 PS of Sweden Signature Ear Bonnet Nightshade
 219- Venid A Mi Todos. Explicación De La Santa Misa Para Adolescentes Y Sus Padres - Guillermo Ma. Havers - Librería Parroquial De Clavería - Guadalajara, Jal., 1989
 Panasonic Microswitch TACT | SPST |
==
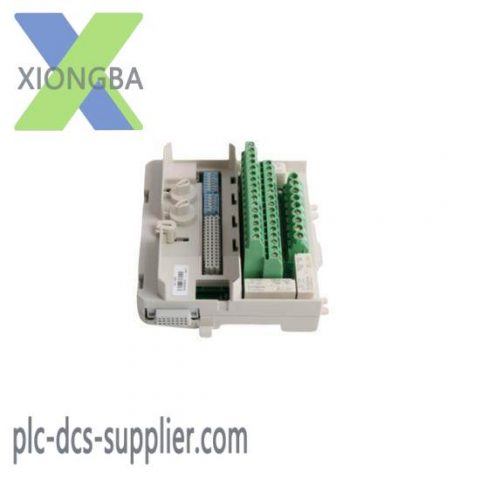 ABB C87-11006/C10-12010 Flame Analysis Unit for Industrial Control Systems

What you need to do >>
Your answer must be the lines above from the one containing "PS of Sweden Signature Ear Bonnet Nightshade" to the one containing "Panasonic Microswitch TACT | SPST |", both included, restated word for word.

Answer >>
 PS of Sweden Signature Ear Bonnet Nightshade
 219- Venid A Mi Todos. Explicación De La Santa Misa Para Adolescentes Y Sus Padres - Guillermo Ma. Havers - Librería Parroquial De Clavería - Guadalajara, Jal., 1989
 Panasonic Microswitch TACT | SPST |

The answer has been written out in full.